São personalidades muito diferentes de Pedro Passos Coelho. Muito diferentes entre si, Rui Rio e Pedro Santana Lopes, e muito diferentes também de Pedro Passos Coelho. Naturalmente, essas questões das personalidades dos líderes - e das pessoas que depois escolherão para se rodearem - têm influência na percepção e na forma como a mensagem é passada. Mas a matriz do PSD não mudou, continua a ser a mesma, e eu acredito que ambos os candidatos se revêem nessa matriz. Tenho alguma dificuldade em responder à pergunta da mudança de estratégia. A mudança de liderança levará a uma diferença de percepção, se isso se traduz ou não numa mudança de estratégia acho que é uma questão um bocadinho mais complexa. Mas será necessariamente diferente porque são pessoas diferentes.
A política é feita por pessoas e para pessoas.
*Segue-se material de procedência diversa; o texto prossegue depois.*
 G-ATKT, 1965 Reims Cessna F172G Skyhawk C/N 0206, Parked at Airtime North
Acha que o PSD precisa de afectos para chegar lá em 2019?
(Risos) Essa questão dos afectos tem sido muito falada... Acho que os portugueses precisam, sobretudo, é de ter uma alternativa a uma forma de governação que sintam que representa melhor aquilo que são as ambições, as sua necessidades. As personalidades têm também influência, mas a maneira como os políticos se posicionam é também influenciada pelas circunstâncias. Era ou teria sido, provavelmente, muito difícil ter uma atitude diferente em circunstâncias tão difíceis como as que nós atravessámos. Tenho alguma dificuldade em colocar as questões nesses termos.
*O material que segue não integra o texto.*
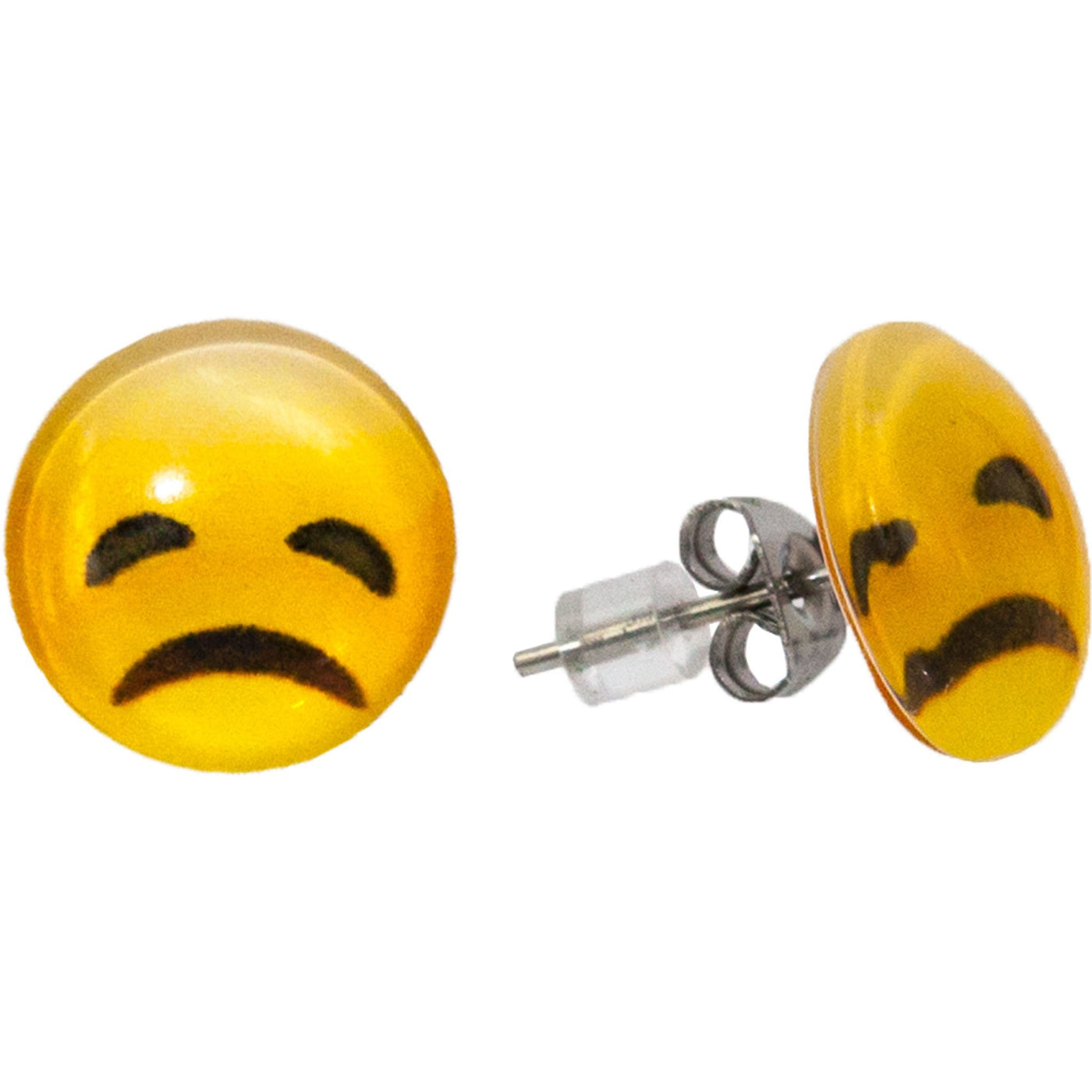 Emoji besvikna örhängen 1,2 cm
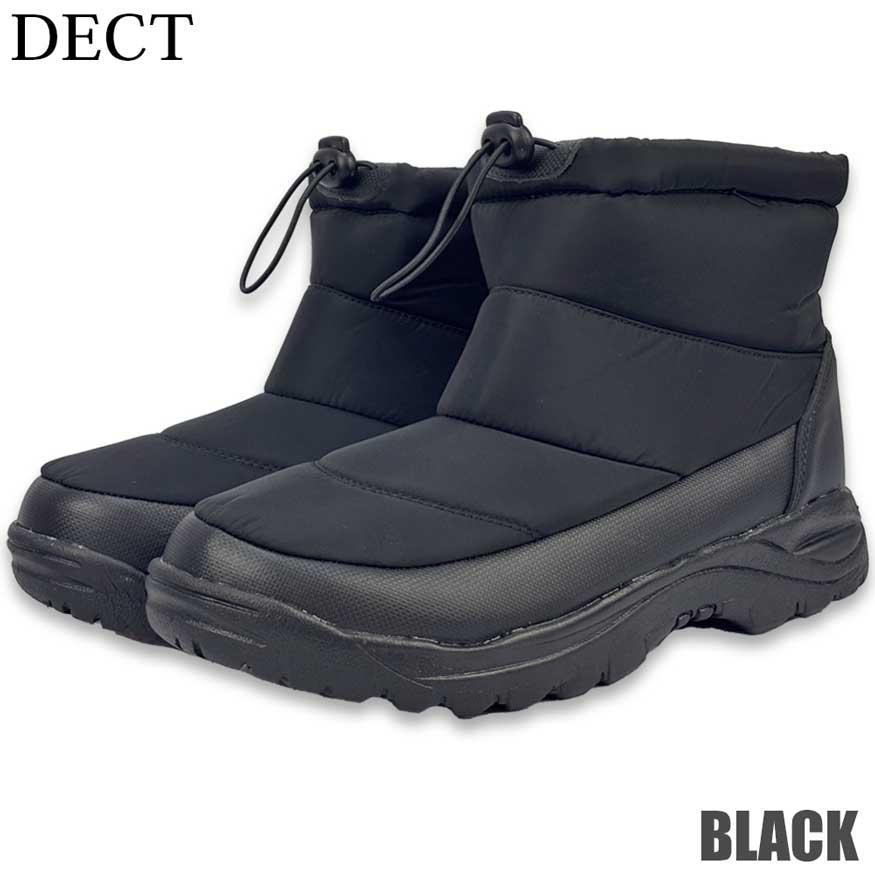 スノーブーツ スノーシューズ ブーツ メンズ レインブーツ ショート ミドル丈 雨靴 防水 防滑 撥水 防寒 軽量 厚底 DECT デクト ブランド |  | 10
Ou seja, se o dr. Pedro Passos Coelho tivesse sido primeiro-ministro e se a drª Maria Luís Albuquerque tivesse sido ministra das Finanças numa altura de maior bonança, como esta, a percepção dos portugueses seria diferente, é isso?
Seria diferente porque as políticas também teriam um outro grau de liberdade. Poderiam fazer-se outras escolhas que nós não tivemos possibilidade de fazer no passado. Mas a confiança não depende necessariamente dos afectos ou da percepção de quem é que se gosta mais. Lembro sempre o exemplo do professor Cavaco Silva: toda a vida vi na imprensa que as pessoas não gostavam dele e ganhou quatro maiorias absolutas, que é coisa que ninguém conseguiu até hoje e que dificilmente se replicará. A questão do gostar, no sentido de a pessoa ser mais ou menos afectuosa, não me parece que seja assim tão determinante nas escolhas. E depende também, com certeza, dos momentos.
Acha que, nesta fase, Pedro Passos Coelho era um peso para o PSD se afirmar como alternativa a esta “geringonça”?
De todo. Não concordo nada com essa perspectiva. Acho que Pedro Passos Coelho tem um capital de credibilidade e seriedade junto dos portugueses, preocupação genuína com o país, de capacidade de altruísmo de colocar sempre o interesse de Portugal e dos portugueses à frente de todos os interesses do PSD, mas também dos pessoais. Pedro Passos Coelho nunca seria, em qualquer circunstância, um problema para o PSD. É sempre uma mais-valia e continuará a ser.
Acha que ele se precipitou, no dia 1 de Outubro, quando leu os resultados das eleições e decidiu, no fundo, abandonar a liderança? Aconselhou-o a ficar?
Eu dei a minha opinião, mas o dr. Pedro Passos Coelho é uma pessoa determinada que fez a sua reflexão. Não vou atrever-me a explicar ou justificar as razões. Tenho pena que ele tenha decidido não continuar, mas respeito muito a sua decisão, como respeito as outras, porque sei que seja qual for a posição será sempre tomada na convicção de que isso é o melhor para o país e para o PSD. Independentemente de concordarmos ou não concordarmos, eu respeito profundamente, porque sei que as decisões que ele toma têm como primeira preocupação garantir que, o que quer que aconteça, seja o melhor para o país.
Passos Coelho disse que, face ao resultado das autárquicas, ele já seria visto como estando agarrado ao poder.
Não é a minha opinião, mas isso não me impede de respeitar a opinião que ele tem.
Ele teria decidido o mesmo se tivessem passado umas semanas e o Governo tivesse perdido o estado de graça, com os incêndios...
Não consigo dar-lhe uma resposta. Sei que o dr. Passos Coelho não é pessoa para tomar decisões precipitadas, nem irreflectidas.